According to the Supreme Court justices, they will consider in the Edwards case "whether states may impose a higher standard for measuring a defendant's competency to be his own lawyer than when determining he is competent to stand trial." Department of Justice attorneys, in an amicus brief for the United States, argue that "mentally ill defendants may legitimately be restricted from self-representation at trial" when the substantial governmental interest in the fairness of criminal proceedings outweighs a defendant's request to proceed pro se.
In their brief, they cite one recent analysis of federal district court docket sheets that estimated over 20 percent of pro se federal defendants exhibited signs of mental illness sufficient to cause the court to order a competency examination.

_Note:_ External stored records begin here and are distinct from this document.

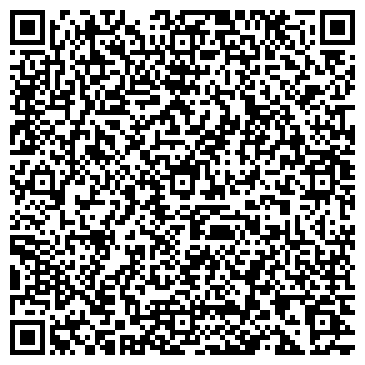 QR-код с контактной информацией организации ПАО «Центральный телеграф»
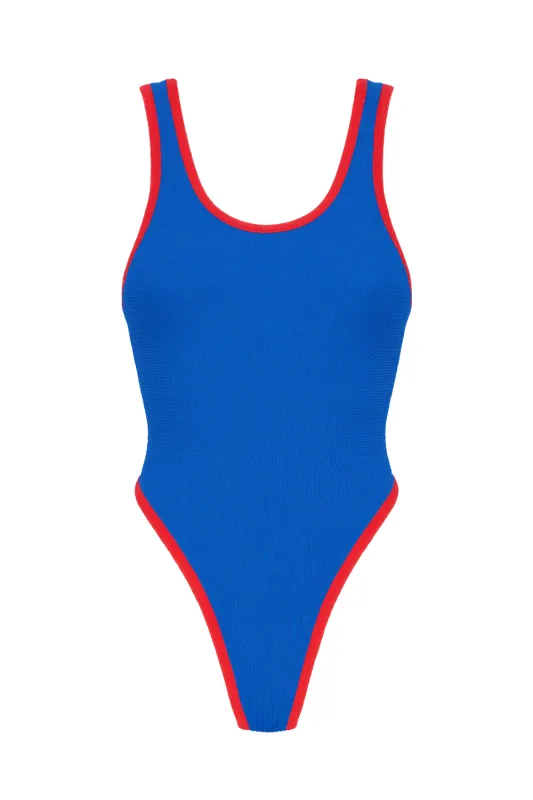 The Showtime One Piece Ozzy Crimp made by Sand Dollar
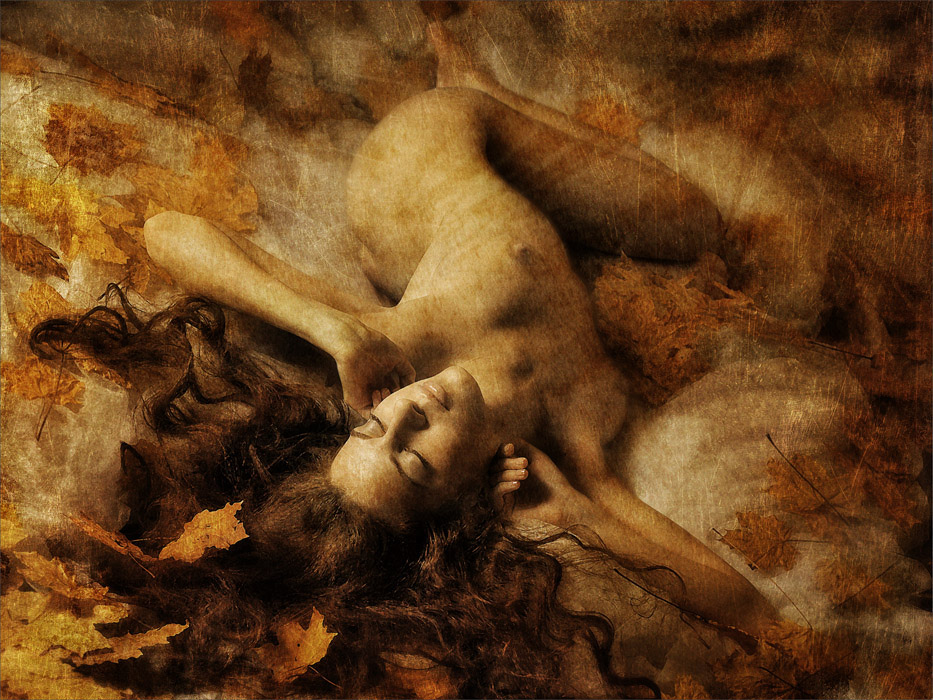 вариации на тему осени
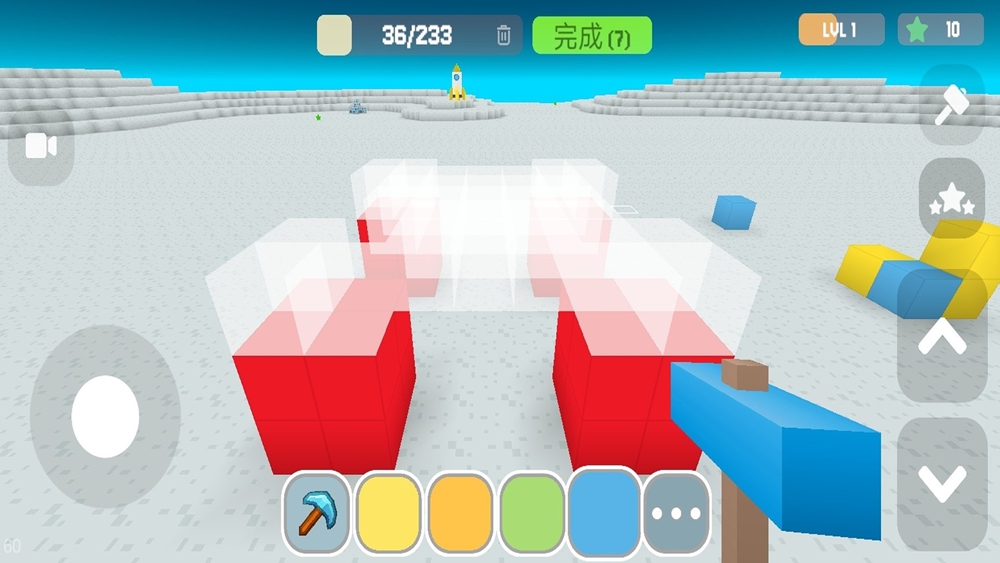 月之子游戏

We need look no further for proof of this trend than in the case of Scott Panetti, a killer from Texas with a mental illness, who was judged competent to stand trial and allowed to represent himself. He dressed in purple cowboy clothing, and his witness list included Jesus Christ and John F. Kennedy. Originally he was sentenced to execution, and the Supreme Court reversed the decision.
Now, the legal system isn't a Monopoly game where buying and selling fake hotels makes you a would-be Donald Trump. This comes under the heading of "Don't Try This in Court": counterfeit cowboys need not apply.
Trained as a researcher at Pratt Institute, I spent untold hours at the Brooklyn Law School library, doing legal research. Even I would not presume to represent myself.
In my defense, I'd want Johnnie Cochran.